Wednesday, April 05, 2006

Walking With Penguins

This is inspired by na's post.

A few weeks ago I visited the dreaded cult-buster site once again. A couple of years before I'd been posting on it for a while, and had to quit. Too stressful. Also, the Inquiry was getting under way, and so things were happening. But then the Report was published and ... nothing. So I returned to the site, and started to post once more.

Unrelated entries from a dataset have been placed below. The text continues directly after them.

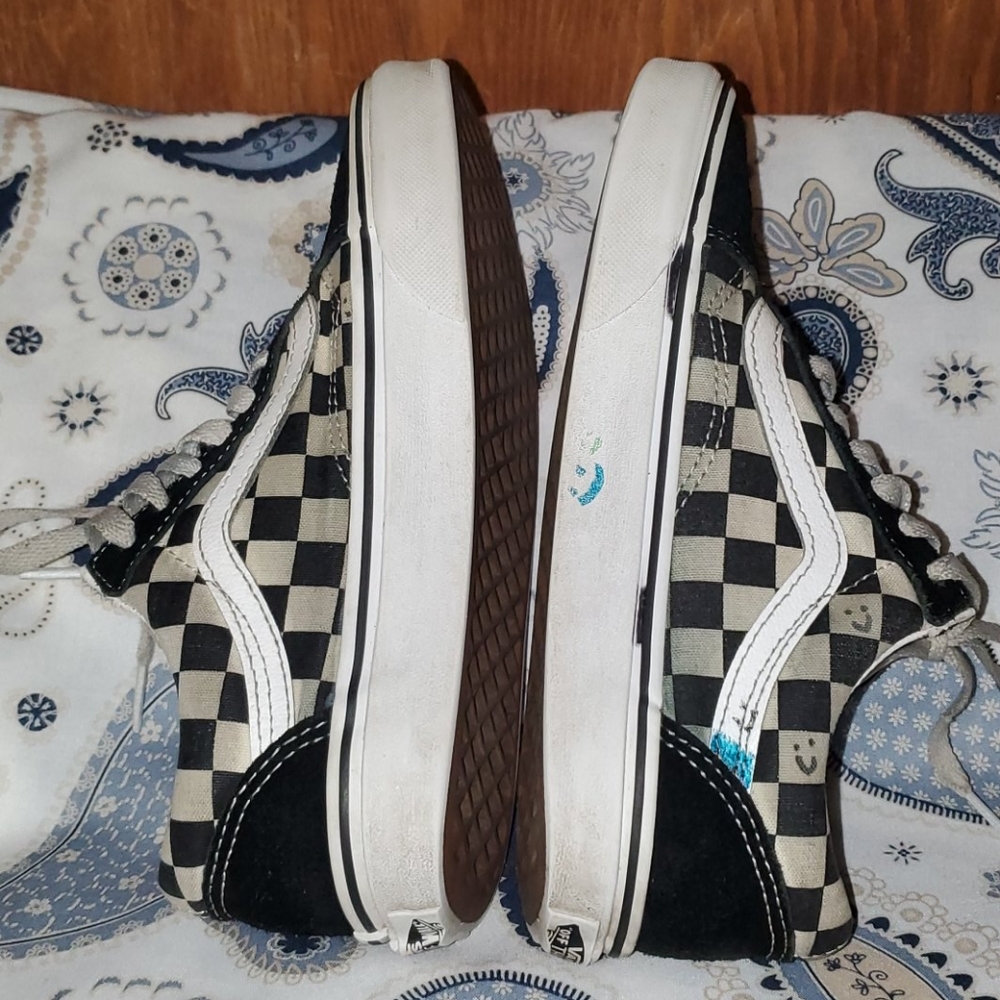 VANS - Picture 7 of 8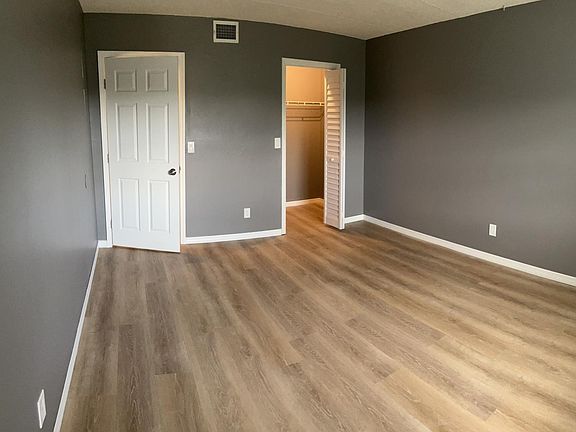 5th image of 2828 Somerset Park Dr APT 203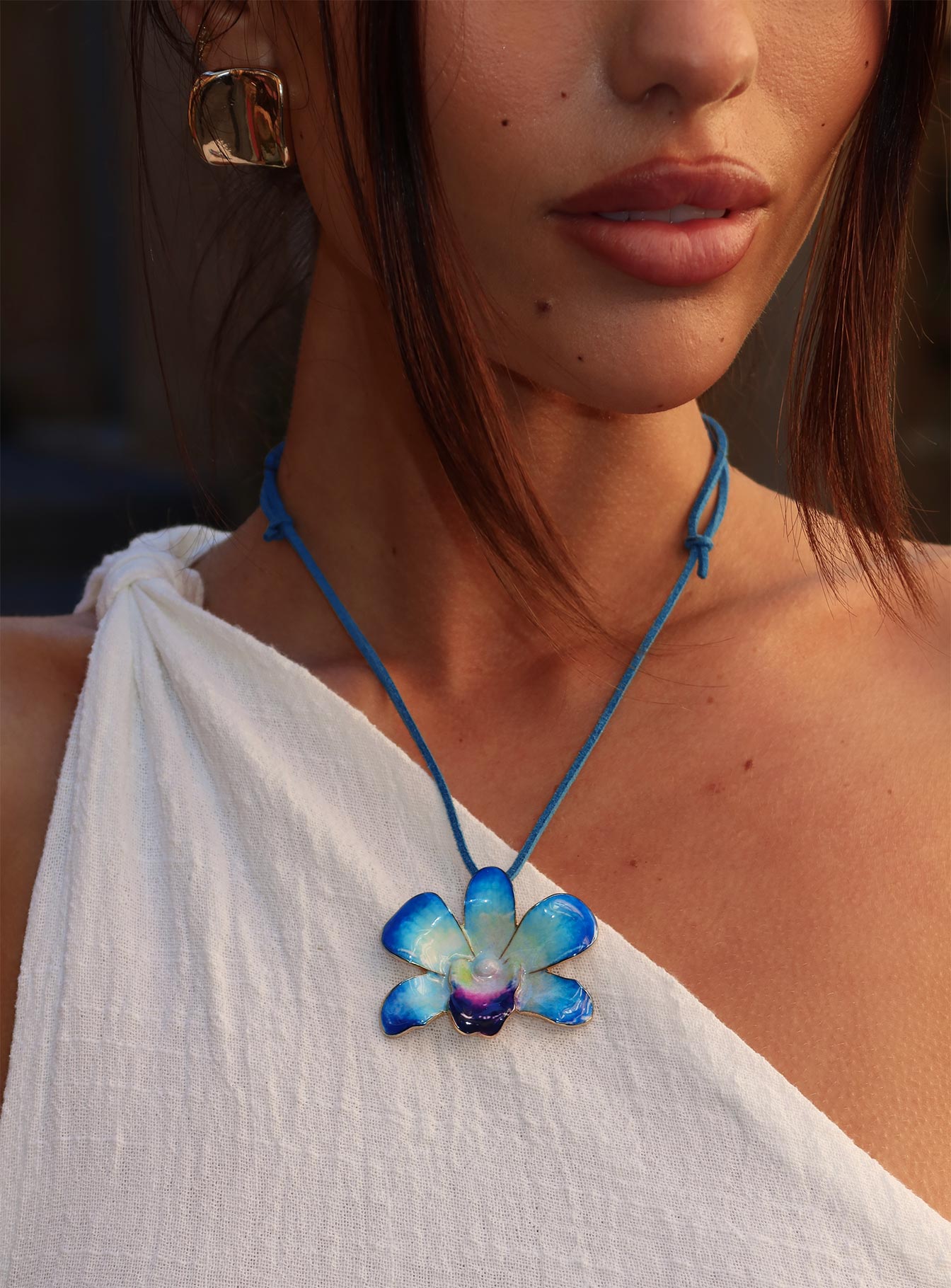 Wildrose Flower Pendant Necklace Blue、mySite、solidvoid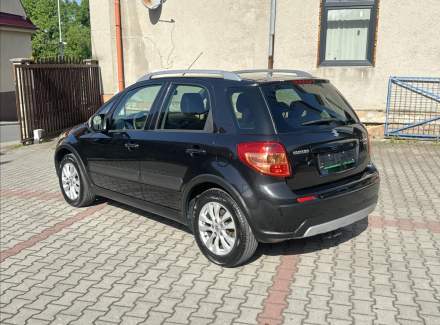 Suzuki - SX4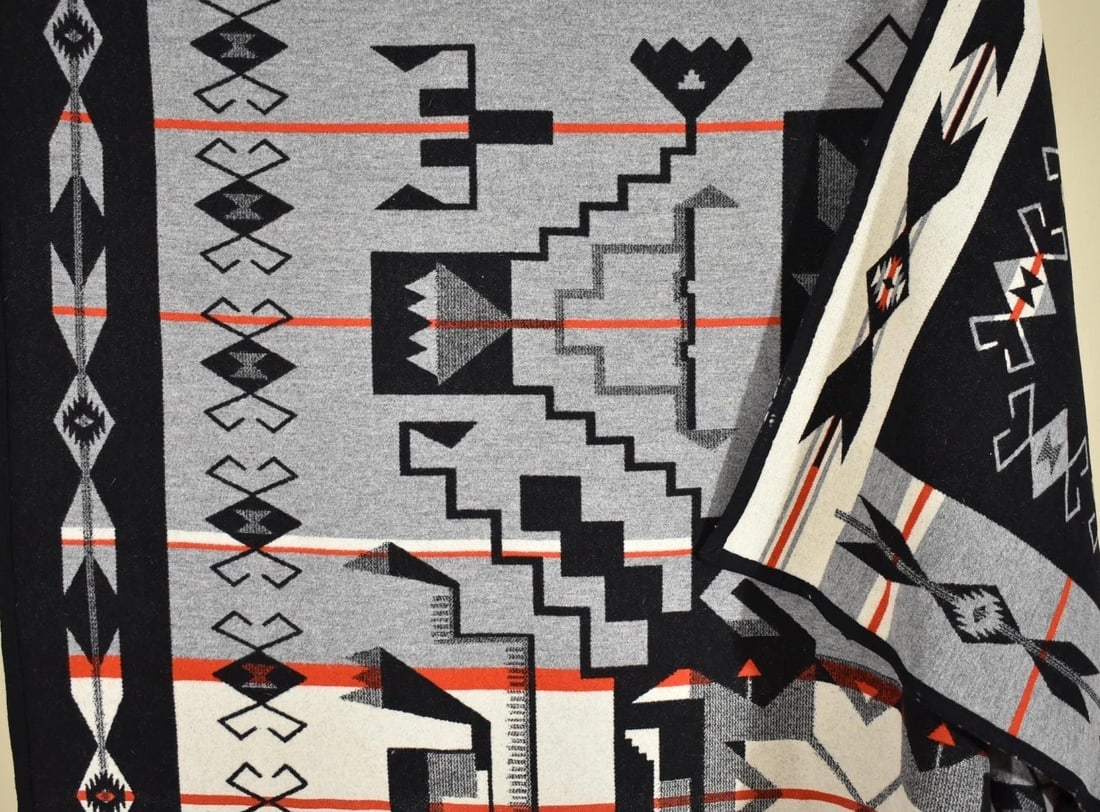 Vintage Pendleton Indian Blanket - 20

Some opening comments met with a mixed response. Some were welcoming, others suspicious. One or two were openly hostile. I almost threw in the towel again, but kept on with it. Measuring every word, taking care to say nothing that would rub salt into open wounds. Some of the aggressive responses melted away when met with humour. Others became friendly. One or two shadowy figures seemed more sinister, but I learned how to see them off. It became a kind of obsession, a ritual of contrition. Oddly enough, it was contrition for sins I had never, so far as I knew, committed.

After a fortnight of this, I was sitting at my computer one morning writing a personal message to one of the regulars when I was overcome with the sadness of the whole situation. For the children of St James and St Vedast, for the staff who had been led into error, for the School and everyone in it. I started to weep silently. My daughter came in and a few minutes later I had to drive her to school. I was feeling very tender towards her, and towards everything. As she got out of the car I wanted to say something, "Goodbye, darling." For me, this is unusual - I don't find terms of endearment easy. She flashed a beautiful smile at me - and it struck me how unusual that is too.

I felt strangely cleansed all that day. Everything and everyone seemed precious, and demanded my loving attention. There was that quiet, calm feeling that sometimes prevails at the end of a particularly challenging philosophy week. Perhaps this is a way for all of us to address our personal hard-heartedness.

There must be a way for us to make atonement. What with Easter being so soon.